Human rights are now the dominant approach to social justice globally. But how do human rights work? What do they do? Drawing on anthropological studies of human rights work from around the world, this book examines human rights in practice. It shows how groups and organizations mobilize human rights language in a variety of local settings, often differently from those imagined by human rights law itself. The case studies reveal the contradictions and ambiguities of human rights approaches to various forms of violence. They show that this openness is not a failure of universal human rights as a coherent legal or ethical framework but an essential element in the development of living and organic ideas of human rights in context. Studying human rights in practice means examining the channels of communication and institutional structures that mediate between global ideas and local situations. Suitable for use on inter-disciplinary courses globally.

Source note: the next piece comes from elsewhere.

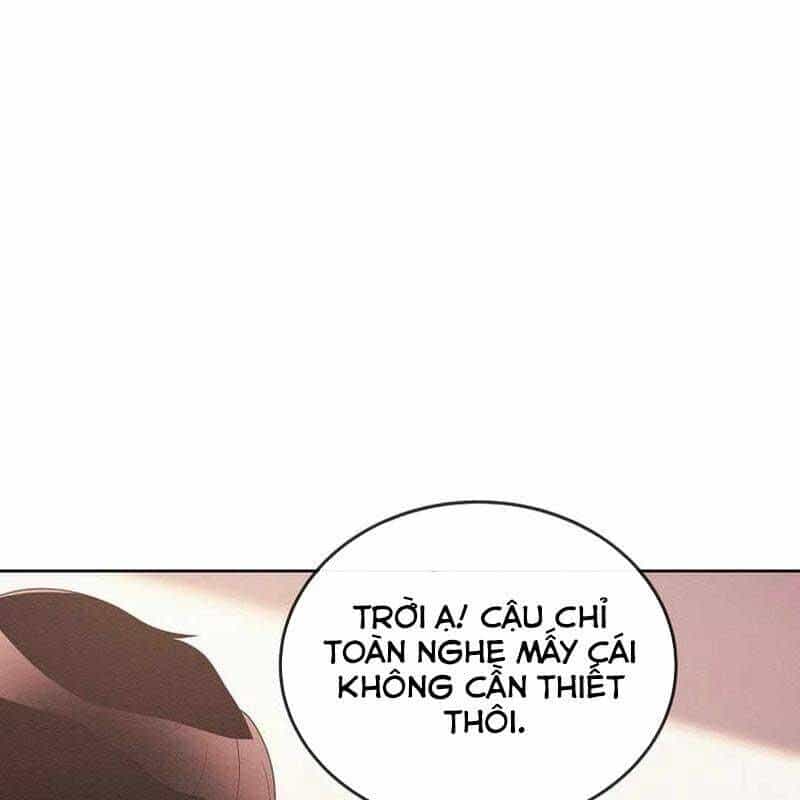Hiện Thực Của Phim Ảnh - Chương 40 - ảnh 111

Mark Goodale is Professor of Cultural and Social Anthropology at the University of Lausanne and Series Editor of Stanford Studies in Human Rights. He is the author or editor of ten books, including
Human Rights Encounters Legal Pluralism (with Eva Brems and Giselle Corradi, Hart, Oñati International Series in Law and Society, 2015),
Neoliberalism, Interrupted: Social Change and Contested Governance in Contemporary Latin America (with Nancy Postero, Stanford, 2013),
Human Rights at the Crossroads (ed., Oxford, 2012),
Mirrors of Justice: Law and Power in the Post-Cold War Era (with Kamari Maxine Clarke, Cambridge, 2010),
Human Rights: An Anthropological Reader (ed., Blackwell, 2009),
Surrendering to Utopia: An Anthropology of Human Rights (Stanford, 2009), and
Dilemmas of Modernity: Bolivian Encounters with Law and Liberalism (Stanford, 2008).

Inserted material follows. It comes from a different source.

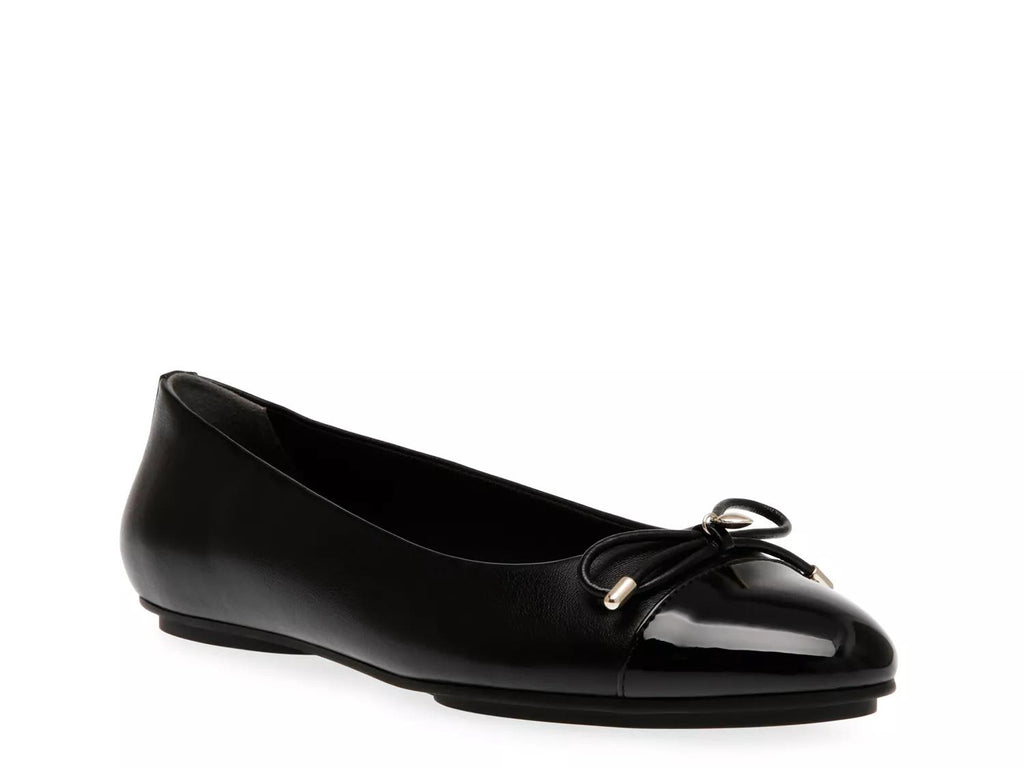 Anne Klein Luci Slip-On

Sally Engle Merry is Silver Professor of Anthropology at New York University and President of the American Ethnological Society. Her recent books include Colonizing Hawai'i (Princeton, 2000), Human Rights and Gender Violence (Chicago, 2006), and Gender Violence: A Cultural Perspective (Blackwell, 2009). She received the Hurst Prize for Colonizing Hawai'i in 2002, the Kalven Prize for scholarly contributions to sociolegal scholarship in 2007 and the J.I. Staley Prize for Human Rights and Gender Violence in 2010. She received an honorary degree from McGill School of Law in 2013. She is currently writing a book on indicators as a technology of knowledge used for human rights monitoring and global governance.